As a retaliation, right-wing SNOR-ist and monarchist Japanese groups, along with the Yacuza (they were suspected in killing the Empress but all known Yacuza groups denounced the assassination and declared their support for the Imperial Family) conducted their own war against the People's Party, using the same methods the People's Party used. By 2012, all surviving members of the People's Party surrendered to the police. Inucai Ban committed suicide in prison in 2011, previously captured in 1999. Before it, he declared the end of the People's Party, claiming that its name were tarnished by its terrorism, and implored any People's Party symphatizers outside prison to fight for republicanism under another name instead.

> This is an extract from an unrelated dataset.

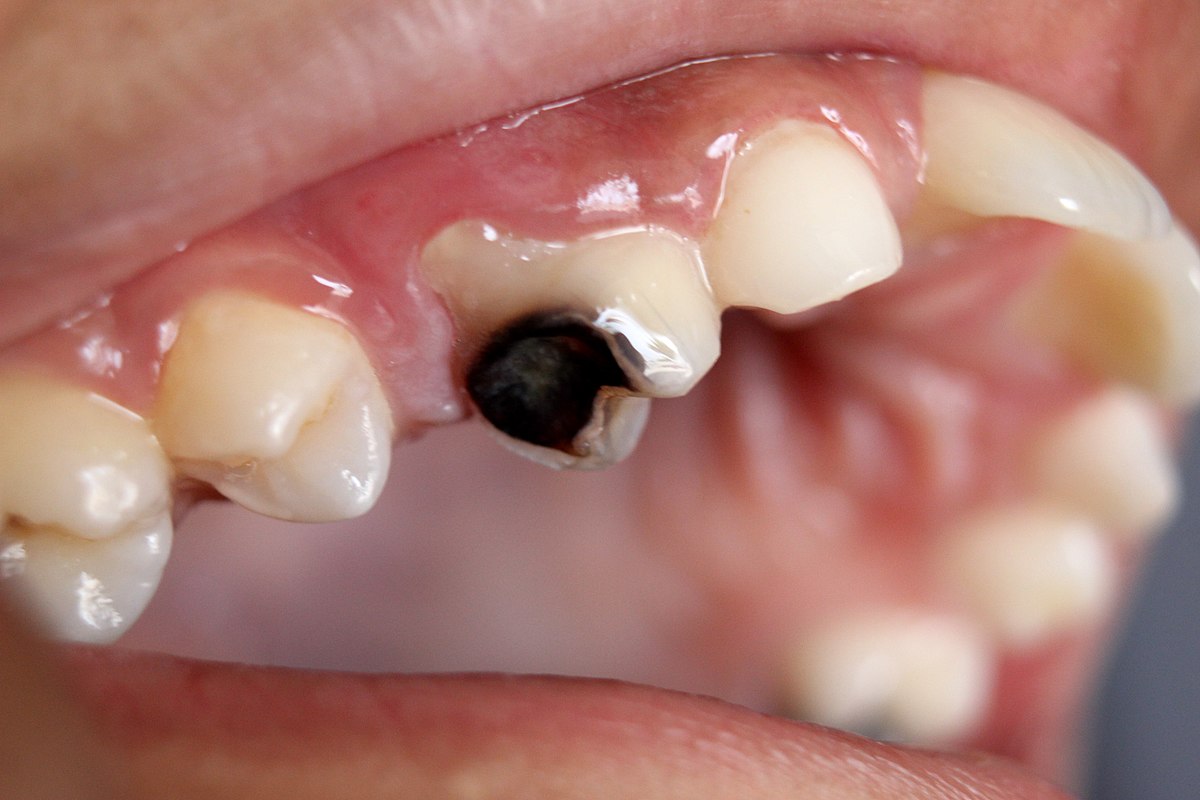 dental implants tooth decay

The People's Party had a left-leaning communist and right-leaning SNOR-ist faction. The left-leaning faction were later symphatetic to Marxism and became the dominant faction under Inucai Ban. The right-leaning faction eventually developed a SNOR-ist, pro-Ezo ideology under Taquehaxi Djinrai, and survived in 1987 as the Japan National People's Party. After the fall of Ezo, it absorbed the remnants of the Rational-Progressive Party and became the leading post-SNORist organization in Japan. It later moderated its stance on the monarchy, allowing the Imperial Family to remain as head of the Xinto church but otherwise Japan would be explicitly a SNOR-ist style Republic. They were targeted by the People's Party as traitors and several members were assassinated in the 1990s; in retaliation, along with the monarchists and the Yacuza, conducted assassinations of their own against the People's Party members. Their influence on the government and the businesses prevented them from being stigmatized like the People's Party, although to this day, they were unable to gain a seat in the Coccai.